The FCA is proposing to allow firms to offer certain types of data export. We are permitting firms to allow customers to export their data to themselves, to the PDS firm or to a member of the same group as the PDS firm with the permission to advise on investments (but only where this is to facilitate investment advice as a post-view service). We propose to require firms to export all view data, except the full pension reference, which can only be partially exported. This is designed to limit the value of exported data to scammers (as it prevents exported data being used to directly initiate a transaction) and we consider this requirement delivers a necessary degree of consumer protection.

The FCA welcomes views on whether this is an appropriate approach, as well as ideas on how else we might achieve this protection.

Please can we have screenshots of the web journey for each of these displays?

It’ll be up to the dashboard to develop its offering with consideration to the FCA Rules, the regulations and our design standards.

Can the PDP share a prototype of the MaPS MoneyHelper dashboard, to help as context for responding to the consultations?

We are considering how we can share the insights from the MaPS user testing as it develops its prototype to ensure that its proposition meets user needs and provides a good user experience.

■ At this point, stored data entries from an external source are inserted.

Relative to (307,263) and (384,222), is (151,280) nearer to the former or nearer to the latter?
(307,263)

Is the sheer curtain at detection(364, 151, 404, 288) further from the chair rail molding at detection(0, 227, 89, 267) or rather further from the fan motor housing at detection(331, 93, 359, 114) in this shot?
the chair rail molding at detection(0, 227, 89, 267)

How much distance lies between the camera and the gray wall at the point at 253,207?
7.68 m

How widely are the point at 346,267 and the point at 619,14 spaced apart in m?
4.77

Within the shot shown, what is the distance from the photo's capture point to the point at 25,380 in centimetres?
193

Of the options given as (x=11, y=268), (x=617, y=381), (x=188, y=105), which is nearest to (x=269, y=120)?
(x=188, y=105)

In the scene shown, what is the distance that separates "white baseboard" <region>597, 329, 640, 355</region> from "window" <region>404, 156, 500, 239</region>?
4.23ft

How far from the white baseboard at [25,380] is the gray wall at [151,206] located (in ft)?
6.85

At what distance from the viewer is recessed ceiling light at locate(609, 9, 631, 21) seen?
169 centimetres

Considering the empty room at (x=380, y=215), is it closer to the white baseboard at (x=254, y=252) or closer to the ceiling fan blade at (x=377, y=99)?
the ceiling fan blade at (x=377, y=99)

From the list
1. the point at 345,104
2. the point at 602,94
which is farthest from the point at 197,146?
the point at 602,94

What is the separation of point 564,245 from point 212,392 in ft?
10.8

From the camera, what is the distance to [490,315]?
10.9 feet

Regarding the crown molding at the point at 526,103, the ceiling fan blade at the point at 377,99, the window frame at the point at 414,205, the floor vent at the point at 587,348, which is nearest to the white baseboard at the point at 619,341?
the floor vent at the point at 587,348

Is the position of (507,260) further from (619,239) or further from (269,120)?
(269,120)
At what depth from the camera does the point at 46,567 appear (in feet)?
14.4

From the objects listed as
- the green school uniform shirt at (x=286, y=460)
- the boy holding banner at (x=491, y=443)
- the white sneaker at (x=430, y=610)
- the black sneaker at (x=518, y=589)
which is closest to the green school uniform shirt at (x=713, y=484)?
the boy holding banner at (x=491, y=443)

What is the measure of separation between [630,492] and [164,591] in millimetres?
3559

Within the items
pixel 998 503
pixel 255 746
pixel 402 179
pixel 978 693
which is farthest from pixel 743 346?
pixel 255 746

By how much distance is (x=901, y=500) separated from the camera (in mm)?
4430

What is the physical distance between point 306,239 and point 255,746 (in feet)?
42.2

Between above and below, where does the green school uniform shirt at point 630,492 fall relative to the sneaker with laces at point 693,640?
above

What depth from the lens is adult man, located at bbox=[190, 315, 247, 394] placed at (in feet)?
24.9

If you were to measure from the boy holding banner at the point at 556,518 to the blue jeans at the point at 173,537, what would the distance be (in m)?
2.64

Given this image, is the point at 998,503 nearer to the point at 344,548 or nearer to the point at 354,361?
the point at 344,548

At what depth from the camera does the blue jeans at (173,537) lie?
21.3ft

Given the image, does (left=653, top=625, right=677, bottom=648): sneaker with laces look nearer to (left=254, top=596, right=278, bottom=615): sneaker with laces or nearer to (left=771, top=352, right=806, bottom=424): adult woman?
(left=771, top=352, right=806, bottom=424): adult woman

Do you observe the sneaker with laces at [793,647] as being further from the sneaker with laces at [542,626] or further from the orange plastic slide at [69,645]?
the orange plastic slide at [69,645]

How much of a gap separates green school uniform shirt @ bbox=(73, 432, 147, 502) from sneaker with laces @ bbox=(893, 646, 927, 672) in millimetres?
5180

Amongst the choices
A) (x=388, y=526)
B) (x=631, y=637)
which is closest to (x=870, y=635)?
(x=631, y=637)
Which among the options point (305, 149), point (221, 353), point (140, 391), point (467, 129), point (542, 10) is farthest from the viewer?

User research is often iterative and therefore doesn’t lend itself to publication in the way that other research methods do, but it will be helpful to share important areas of learning from research and testing on the MoneyHelper dashboard and the central digital architecture. We are looking at how these can be shared effectively.

Are there plans to explain to members that when they become inactive, the pensions will be removed from the dashboard and that this may not be immediate. Will there be rules on how quickly inactive records should indeed be removed?

The display of the users found pensions only lasts during the user’s dashboard session.